The "SICE Forum" organized by the School of Information and Communication Engineering (SICE) invites Associate Prof. Zaid Al-Ars, Delft University of Technology, to deliver an academic webinar. Below are the details for the event, and interested students and faculty members are welcome to attend.
Topic:Future Technologies to Enable Edge Device Intelligence
Speaker: Zaid Al-Ars (Delft University of Technology,Associate Professor)
Time:16:00 (Thursday), November 11, 2021
Venue: Online platform: ZOOM Meeting
Conference links:
https://tudelft.zoom.us/j/94241813721?pwd=b1gxdExjNTZjOVNwTWNlSi9UaW5VUT09
Host: Associate Professor Qiang Liu
Introduction:
The fast proliferation of edge devices in various application domains opens new opportunities to embed computer intelligence in our environment and support various aspects of our daily lives.

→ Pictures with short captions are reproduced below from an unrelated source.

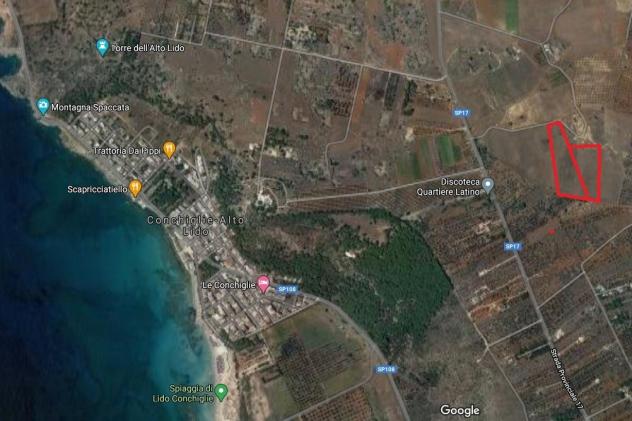 negozio in vendita a Sannicola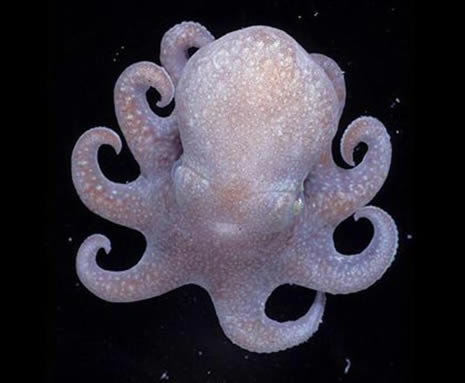 okyanusun derinliklerinden ilginç canlılar galerisi resim 4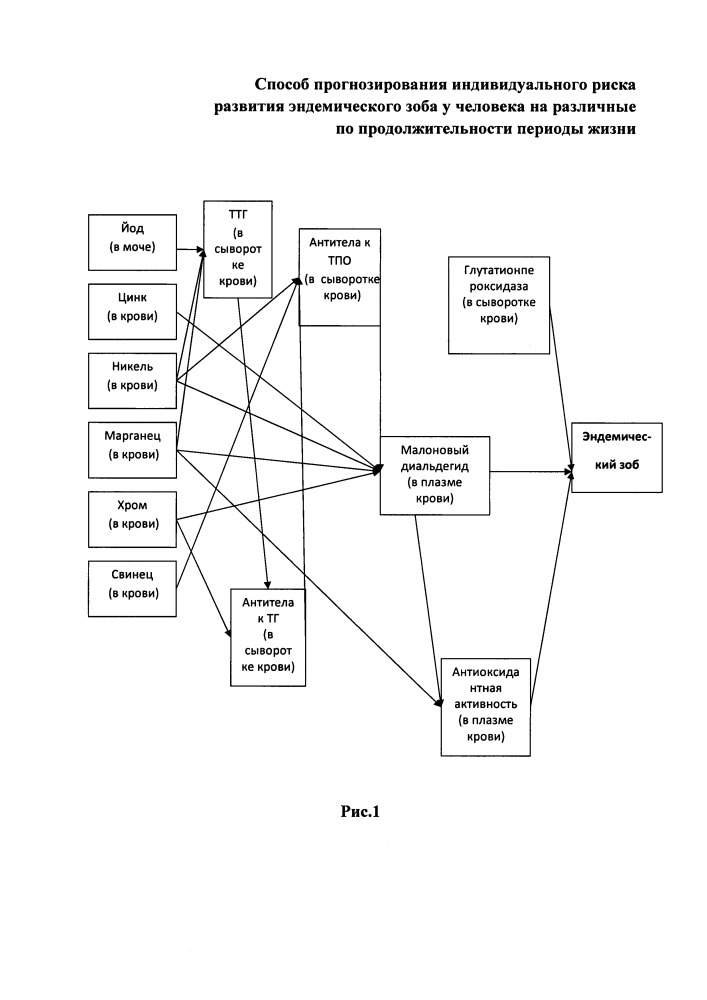 Способ прогнозирования индивидуального риска развития эндемического зоба у человека на различные по продолжительности периоды жизни (патент 2658465)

This promises to increase data security, improve user interactivity and reduce bandwidth pressure. However, there are a number of challenges that we need to address to enable this vision, ranging from the limited compute capabilities of edge devices to the inherent vulnerability of devices in the field. In this talk, we present a number of emerging machine learning technologies and approaches to address these challenges. Research on federated and distributed learning allows creating powerful predictive models from the vast amounts of data distributed at the edge. At the same time, new techniques like model quantization allow for deploying such complex models in embedded edge devices easily using automated model synthesis tools. We also discuss applications in healthcare and big data analytics that can benefit immensely from such advances in the capabilities of edge intelligence.
Speaker’s profile:
Zaid Al-Ars is an associate professor in the Delft University of Technology, where he leads the Accelerated Big Data Systems group (abs.ewi.tudelft.nl). His work focuses on addressing bottlenecks in big data analytics frameworks to increase scalability, performance, power efficiency, etc. These techniques are deployed on a number target of application domains such as healthcare, analytics and data science. Zaid is also co-founder of multiple big data analytics startups active at the intersection of big data analytics and high-performance computing. He also worked and collaborated with various tech industry heavyweights, such as Siemens, Infineon, Philips and IBM, and serves on the advisory board of a number of high-tech startups. Zaid received numerous awards in recognition for his research contribution, such as the IBM Faculty Award and the Xilinx Research Grant. He is regularly invited to give talks on big data technology and commercialization both in industry and academia. Zaid has a long and successful history managing and executing industrial projects at the national, European as well as the international level. He has two patents and published more than 150 peer-reviewed publications.